Investors should take note of a recent consulting group report that predicts health care will account for 20% of the U.S. economy by 2019. Does this mean putting money into any company involved in health care is going to guarantee fat returns? Of course not — nothing’s that simple.
The growing impact of health care on the economy is evident by looking at the Fortune 50: more than three of every four companies are in the industry or have health divisions. Many names are readily identifiable to industry followers: McKesson (NYSE:MCK), CVS Caremark (NYSE:CVS), Unitedhealth (NYSE:UNH) and Big Pharma mainstays Pfizer (NYSE:PFE) and Johnson & Johnson (NYSE:JNJ).
These “traditional” health care companies account for one of every four Fortune 50 members that have a stake in the industry. More than half of the others on the list are entering the field in non-traditional ways.
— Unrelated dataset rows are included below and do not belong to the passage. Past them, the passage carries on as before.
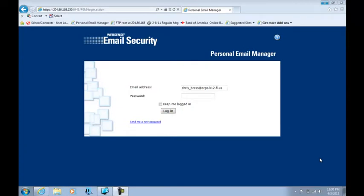Have you ever wanted to add a person or a group of people to your personal email manager so that messages from them would never be blocked? Well, actually that's quite simple. All you need to do is go to personal email manager.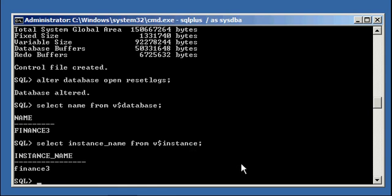We just showed you how to rename your database using both the NID database utility and manually using the create control file command. With the create control file command, because we say set and our create control file is set to the new name, it's going to go to each data file and rewrite that name in all the headers. When you do create control file set, you're telling SQL*Plus to tell Oracle: not only am I recreating the control file, but I want to change the database name. It will look up all the data files listed in the control file and update them — that's also why the script took longer to run, because it was updating all the header files in the data files.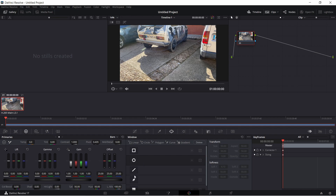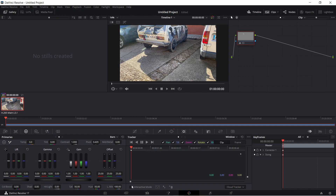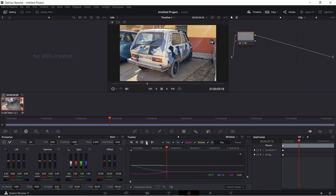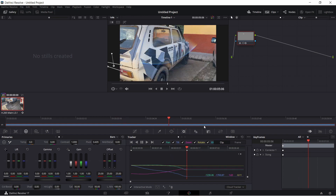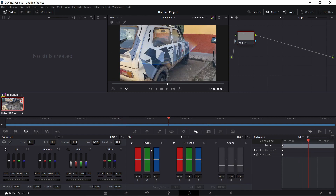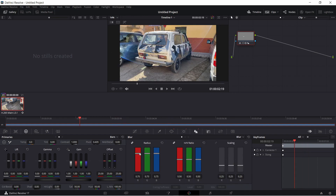In order to do that, you just have to go to the Color tab, select Window, Pen Tool, then select the license plate, go to the next tab called Tracker, tick the Interactive Mode box and click on Track Forward. Once it's finished tracking, just go to the Blur tab and increase the radius. And you're all set.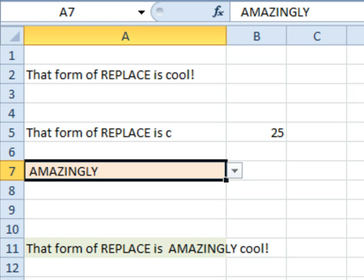Well, hey, I want to thank everyone for stopping by. We'll see you next week for another Dueling Excel podcast from MrExcel and Excel is fun.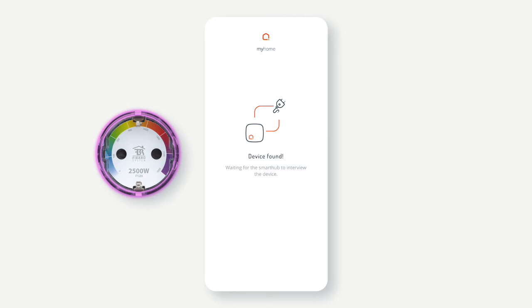Once the device has been found, the Smart Hub will interview the device to discover its functionality. Wait for this process to complete.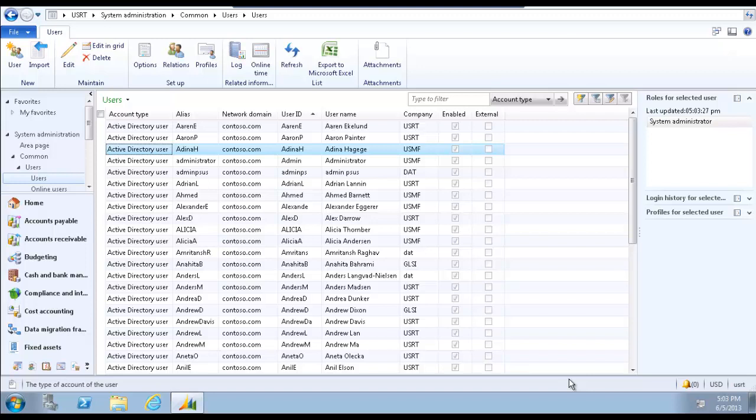Now when the user starts Microsoft Dynamics AX, the legal entity selected in the start company account field will open. Remember, this change will not take effect until the user has logged completely out of the AX client and logged back in.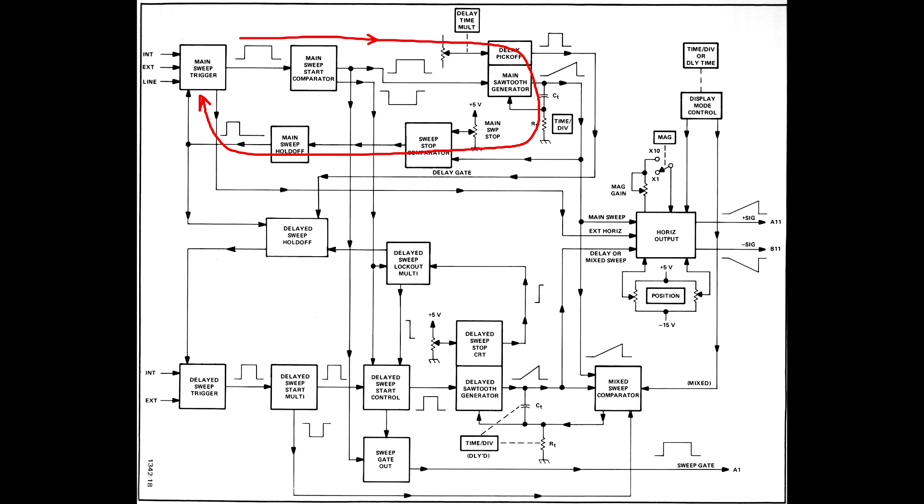I must admit that my successes in repairing sweep circuits have been largely due to luck, except in a few cases which are documented in an earlier video on the 465B and 468 portables.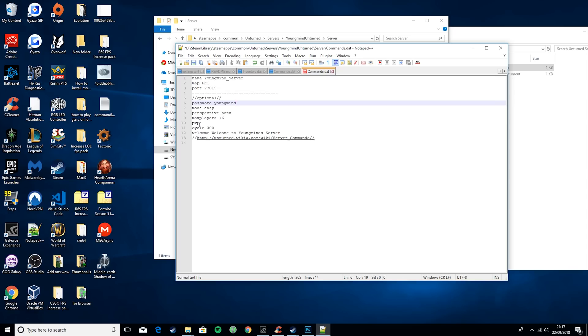Cycle is in seconds and it basically means how long a day-night cycle is, so how long you want a day to last. I've set it to 300 seconds, which is five minutes, which is a pretty good base ground.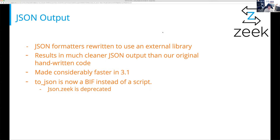Along with all of this work, the toJSON function in script-land is now a BIF instead of a script, and the JSON.zeek file is now officially deprecated. The code in it doesn't do anything — it's just marked deprecated now.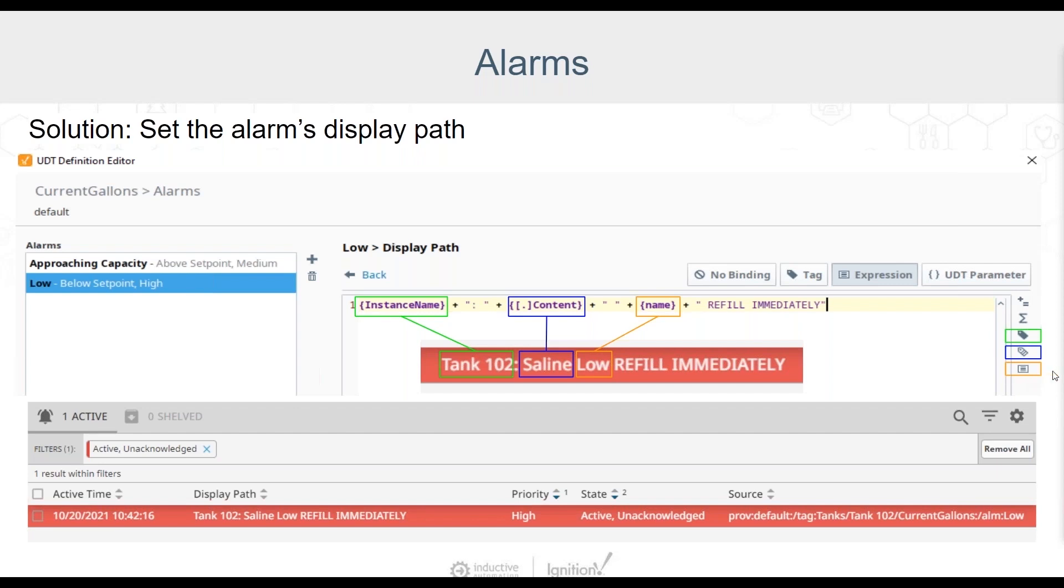In addition to these values that we've brought into the expression to provide a more meaningful and useful description of the alarm, we've also added some instruction for action that should be taken, which in this case is refill immediately.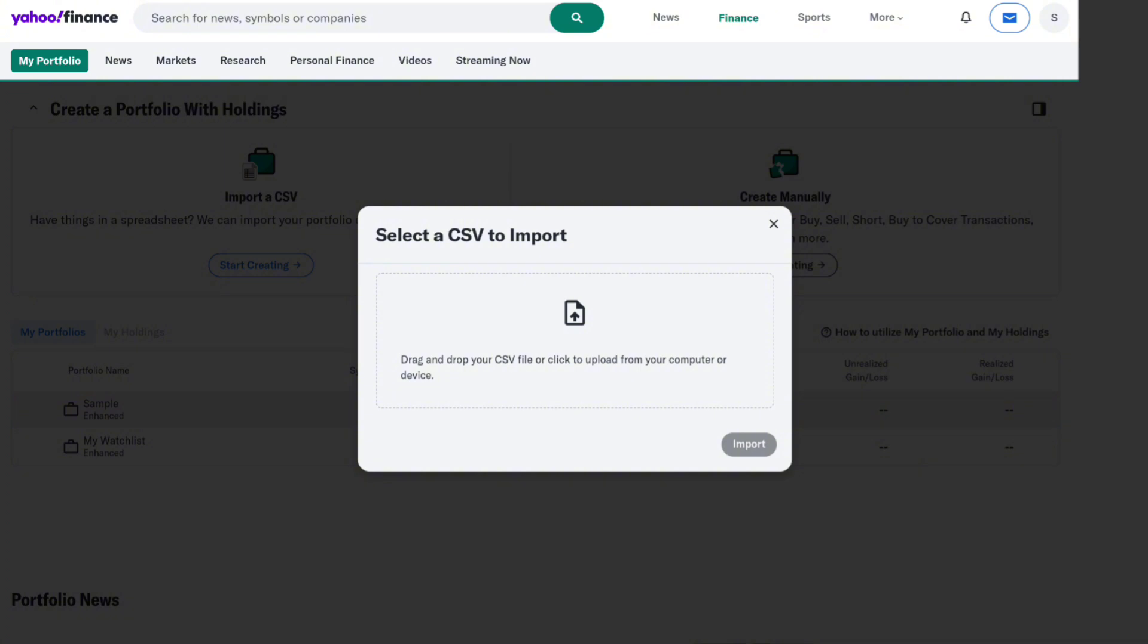That is how you can simply import CSV into Yahoo Finance. Thank you so much for watching and we'll see you in the next video.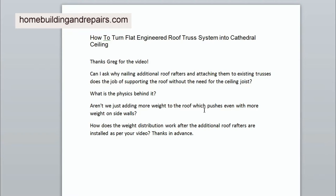The next question is: aren't we just adding more weight to the roof, which pushes out the side walls? That makes a lot of sense and goes back to what I just said — without the ridge beam you're not going to be able to do this.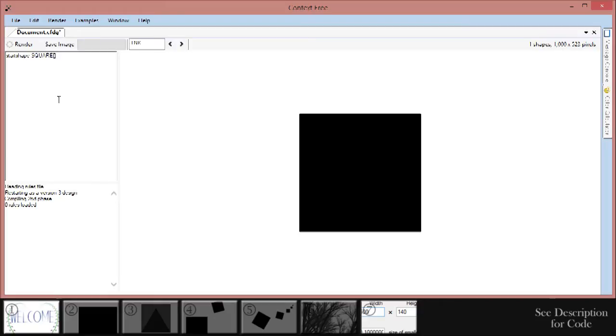If there's a problem with your code, Context Free will let you know in the bottom left hand corner when you try to render your design.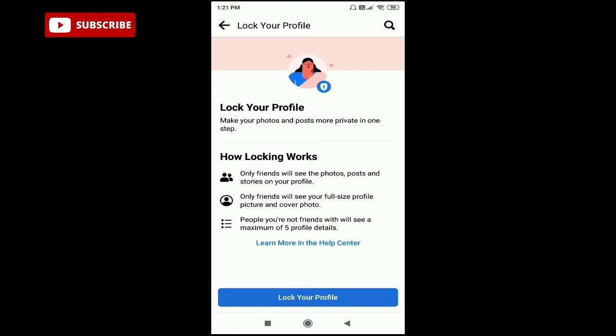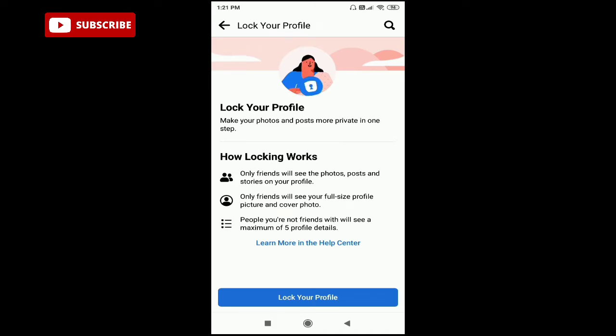You can see Lock Your Profile - make your photos and posts more private in one step. Just click on Lock Your Profile.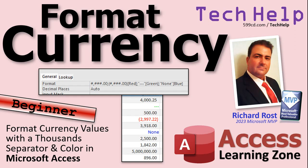Welcome to another tech help video brought to you by AccessLearningZone.com. I'm your instructor, Richard Rost.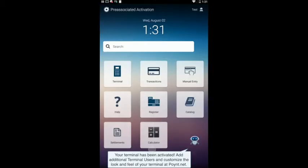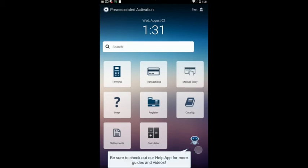Your terminal has been activated. Add additional terminal users and customize the look and feel of your terminal at Point.net. Be sure to check out our Help app for more guides and videos.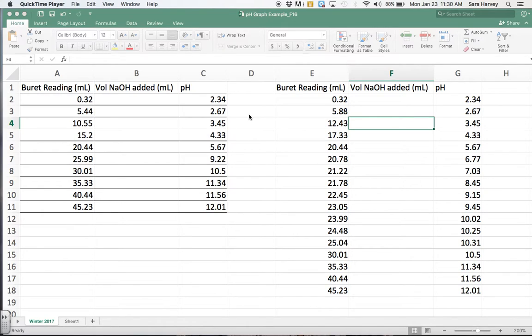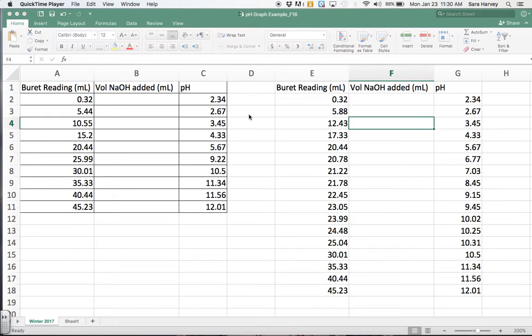Okay, in this video I'm going to show you how to convert your raw data from your two pH graphs and convert that into data that you will then plot on Excel. I want you to plot both data sets on one graph.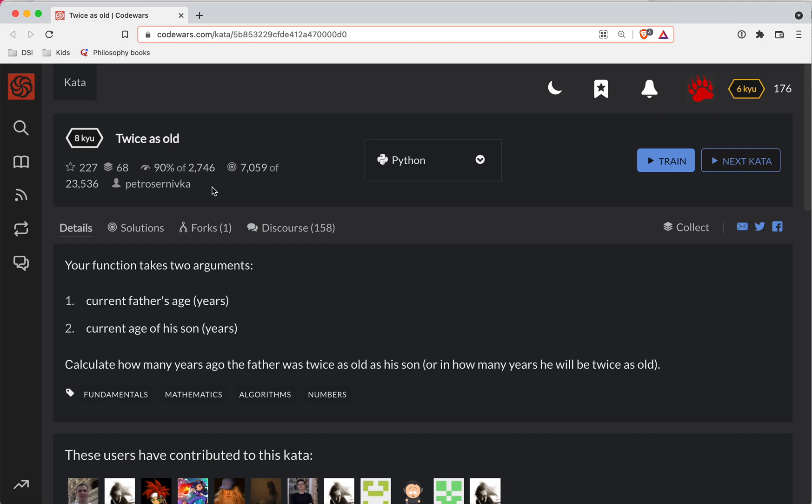Sharper here with another Code Wars challenge. This one is a level 8 and it's in Python and it's called twice as old.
Dell (Nasdaq: DELL), for instance, believes that information is the foundation on which healthcare will move forward. Toward that end, the company sells products for electronic medical records, mobile clinical computing and medical archiving. Mobile devices will continue to play a key role in health care and reward the companies that provide innovative hardware and applications. Apple (Nasdaq:AAPL) appears to be the one to catch. According to a recent study, 75% of doctors in the U.S. own an iPhone, iPad or iPod.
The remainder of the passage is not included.